I am going to let you guys in on a proprietary piece of information here... so shhh... don't spread it around. I specifically heat the fluid in my deburring machine to 31 degrees centigrade. I found at that temperature mixed with Black Sheep Brass' proprietary cleaning solution (burnishing fluid and dawn dish soap) that it cleans the brass really well, and the heat that you put into the brass during the cleaning process helps dry it (a bit) out and the warm brass takes on lube for processing well as it is warm enough to keep the lube soft and transferable so when it goes into collators it will spread amongst the other pieces. That being said I polish for lube removal prior to loading.

Switch to Sunlight and you'll only need half as much soap and won't leave as much residue. Dawn is junk.
 
Well, I don't get so anal with my brass that it just has to look new every time I reload or shoot it. Unless you have lots to spare IMHO it's a waste of time.

I do however like it to be CLEAN.

If I only have a couple of hundred rounds of rifle brass it goes into a SS Pin Tumble with Lemshine from Canadian Tire. It has a mild acid in it that gets rid of the grease. The soap and pins get rid of the carbon, inside and out. Stains stat in place but seeing as they are purely cosmetic, I don't bother with them.

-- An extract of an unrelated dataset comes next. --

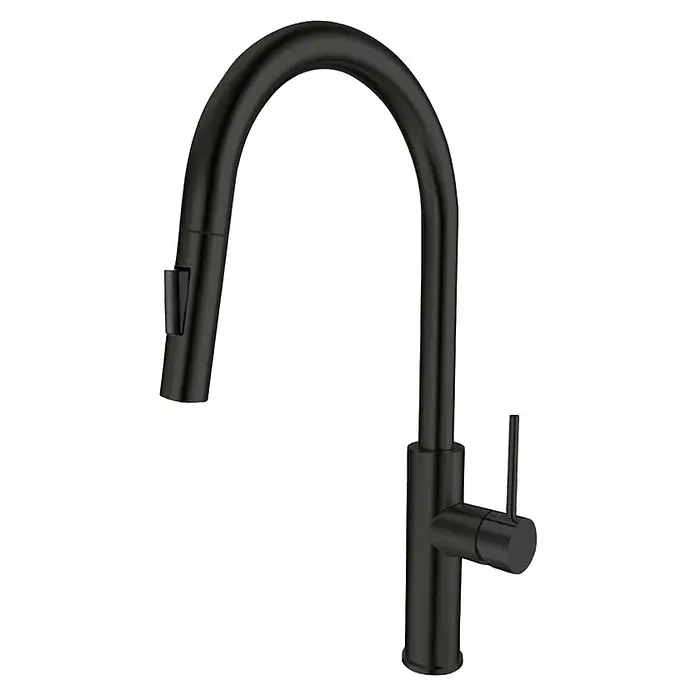 Grifo de cocina extraíble Rea - Negro, Mate - Un elegante grifo de cocina negro mate con caño alto y palanca lateral, que combina diseño moderno con funcionalidad.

If I have a large batch of rifle/pistol brass, it goes into an old pillow case and into the clothes washing machine with Lemshine. I knot the bags very tightly so they usually need to be cut open when I dump the cases out to dry, into a couple of old cake pans. Then they go into the oven to be dried at 250F for about and hour. This works well for me.
 
When using black powder in the 45-70 I always used hot soapy water to get the crud off then let it dry and then tumble to make 'em shine.

I wouldn't hesitate to use hot soapy water to get rid of case lube.